[Task objective]: Print out the full material below, exact in every line, with no images included.

[Data for review]:
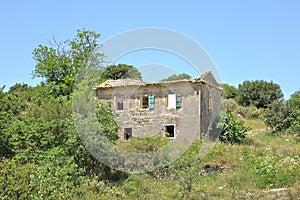 Ruins of once beautiful big house in the desert mountain village of The Old Perithia Ano Palea Perithia, Corfu Island, Greece, E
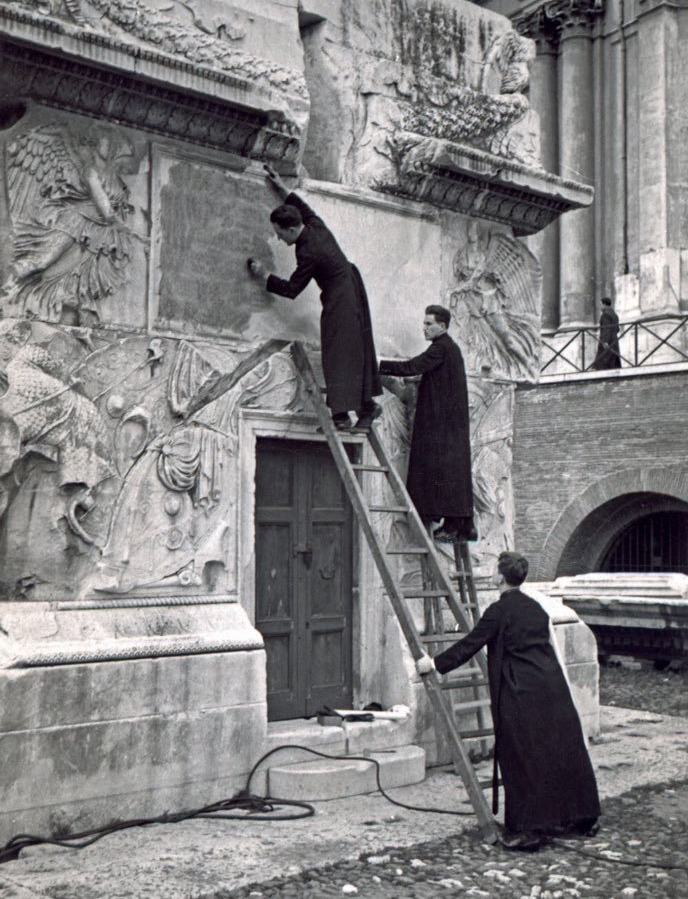 Catich making a rubbing of Trajan inscription ca. 1950.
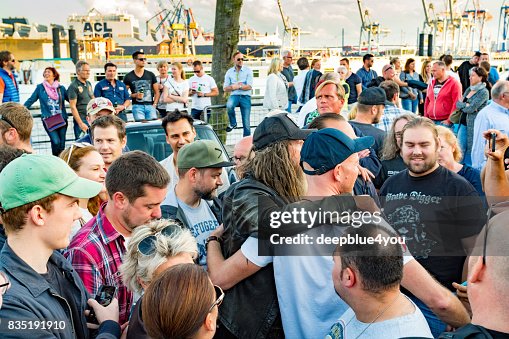 A man takes a photo of Magnus Walker and his fans on the Fischmarkt Hamburg A man takes a photo of Magnus Walker and his fans on the Fischmarkt Hamburg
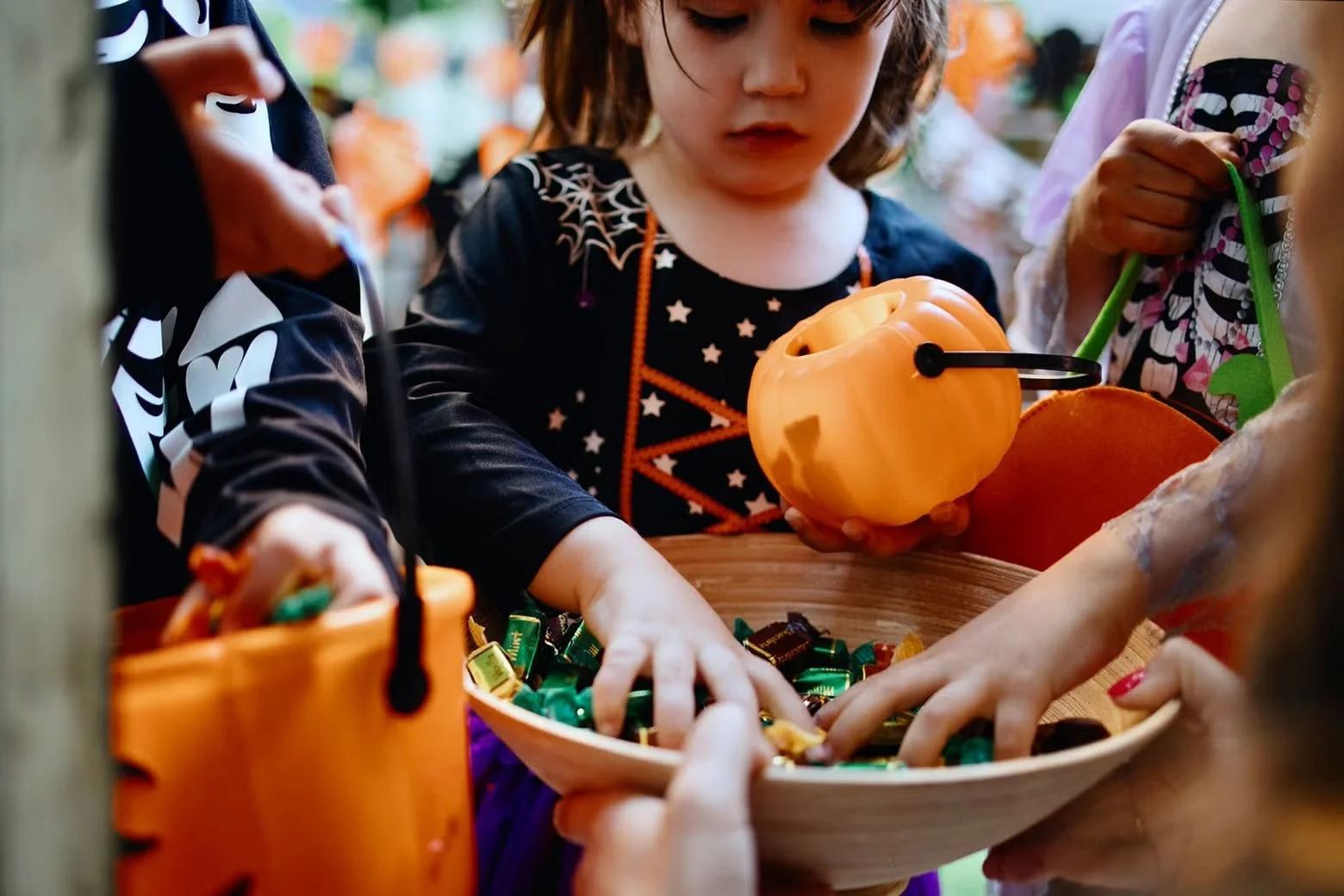 Kids grabbing candy out of a bowl on Halloween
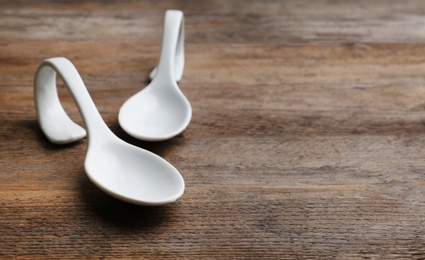 Photo of Clean empty ceramic appetizer spoons on wooden background, space for text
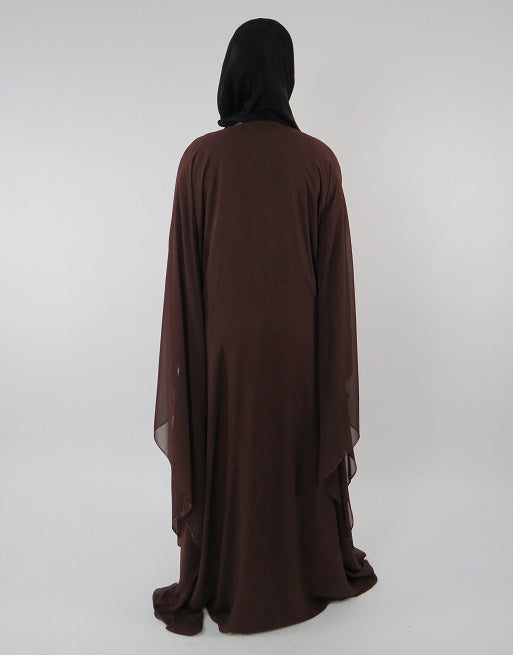 Brown farasha abaya showing flowy chiffon drape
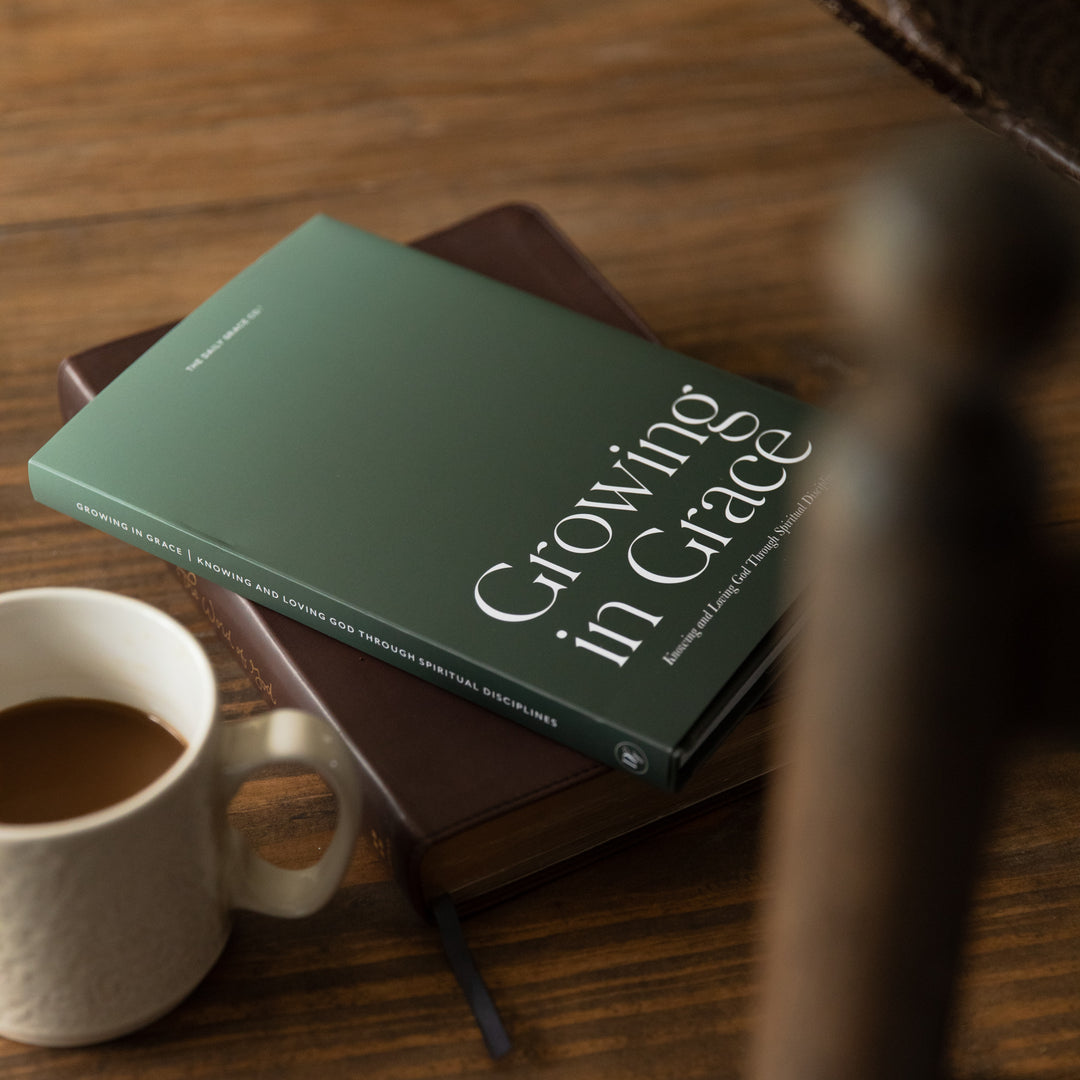 A green book titled 'Growing in Grace' resting on a brown book on a wooden table, with a white mug of coffee in the foreground and a blurred chair back on the right.
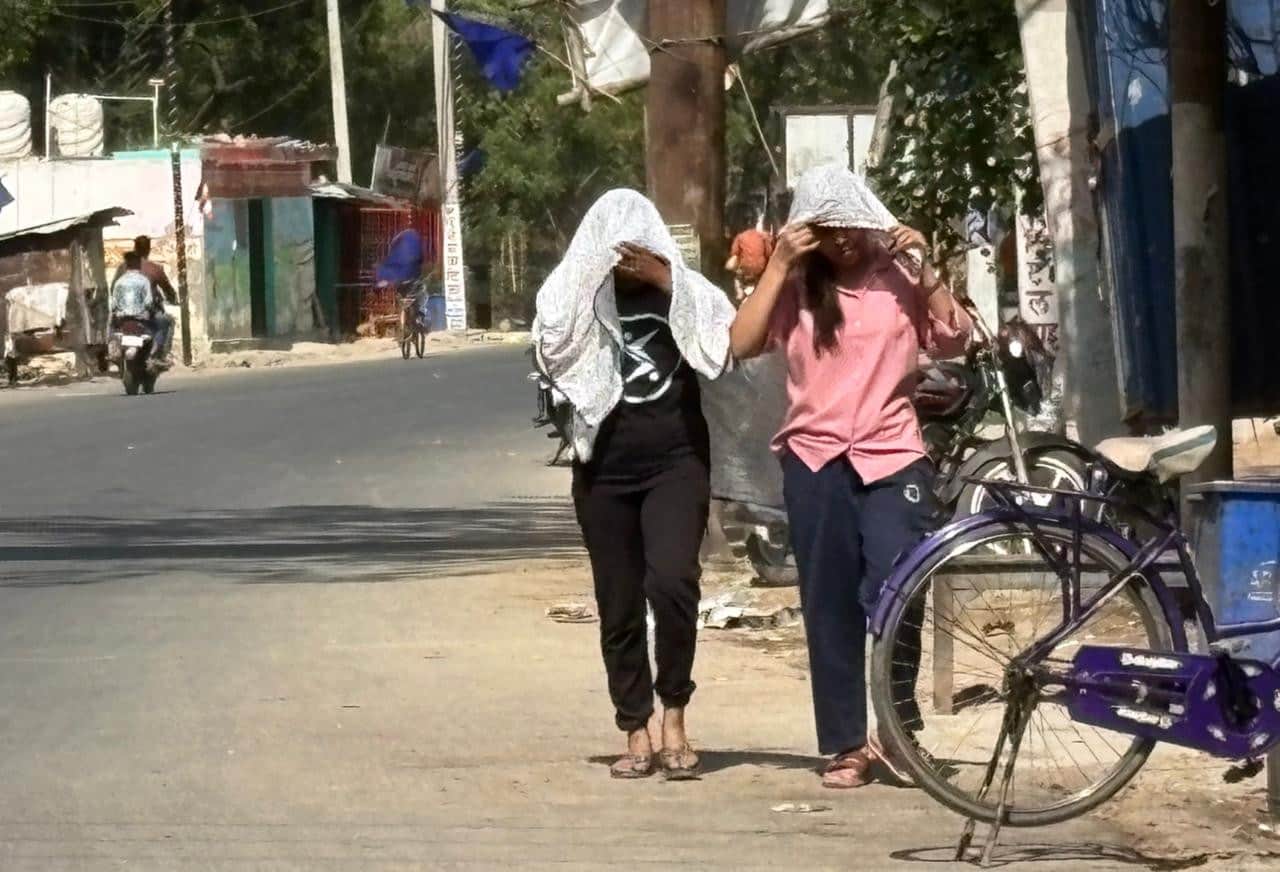 ज्ञानपुर नगर में तिखी धूप से बचाव के लिए सर को ढक कर जाती युवतियां।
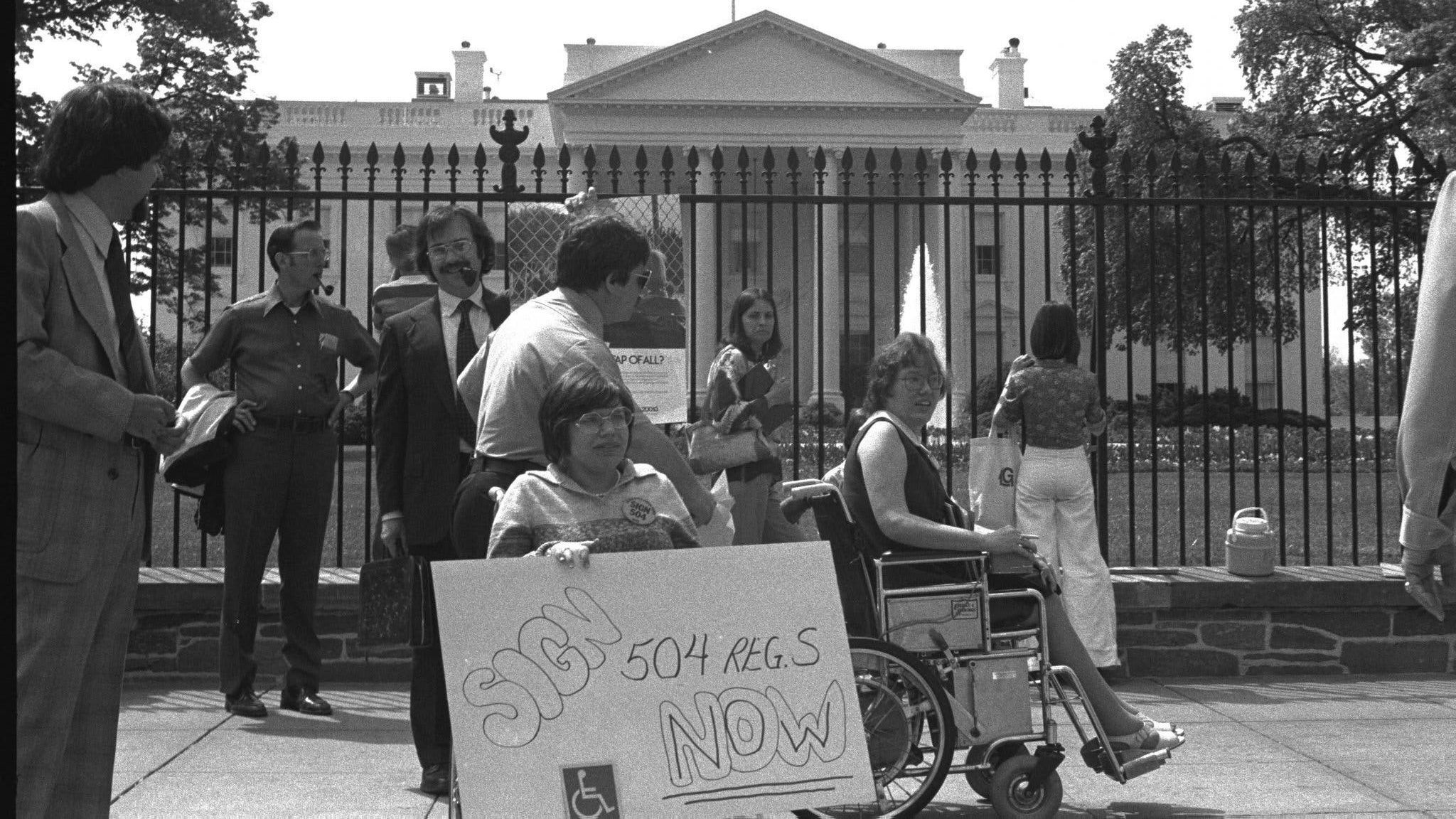 vintage black and white photo shows a group of disability rights activists, some in wheelchairs, with a protest sign in front of the White House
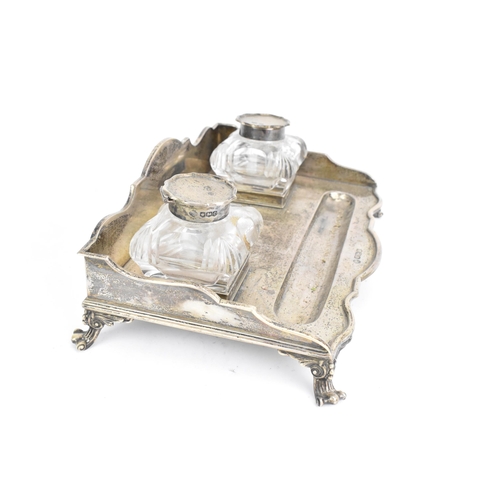 35 - A George V silver pen and ink stand, by William Hutton & Sons Ltd, hallmarked Sheffield 1920, having... 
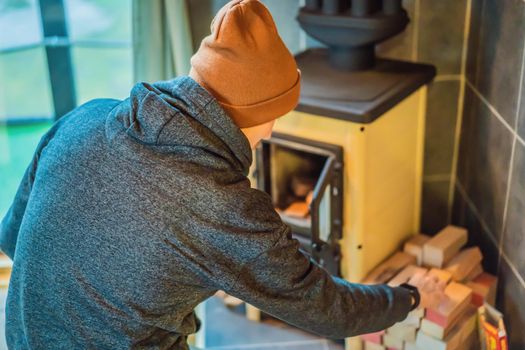 Man making fire in the fireplace. Rest in the mountains in Glamping. Cozy fireplace in a mountain house.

[Result of this task]:
 Ruins of once beautiful big house in the desert mountain village of The Old Perithia Ano Palea Perithia, Corfu Island, Greece, E
 Catich making a rubbing of Trajan inscription ca. 1950.
 A man takes a photo of Magnus Walker and his fans on the Fischmarkt Hamburg A man takes a photo of Magnus Walker and his fans on the Fischmarkt Hamburg
 Kids grabbing candy out of a bowl on Halloween
 Photo of Clean empty ceramic appetizer spoons on wooden background, space for text
 Brown farasha abaya showing flowy chiffon drape
 A green book titled 'Growing in Grace' resting on a brown book on a wooden table, with a white mug of coffee in the foreground and a blurred chair back on the right.
 ज्ञानपुर नगर में तिखी धूप से बचाव के लिए सर को ढक कर जाती युवतियां।
 vintage black and white photo shows a group of disability rights activists, some in wheelchairs, with a protest sign in front of the White House
 35 - A George V silver pen and ink stand, by William Hutton & Sons Ltd, hallmarked Sheffield 1920, having... 
 Man making fire in the fireplace. Rest in the mountains in Glamping. Cozy fireplace in a mountain house.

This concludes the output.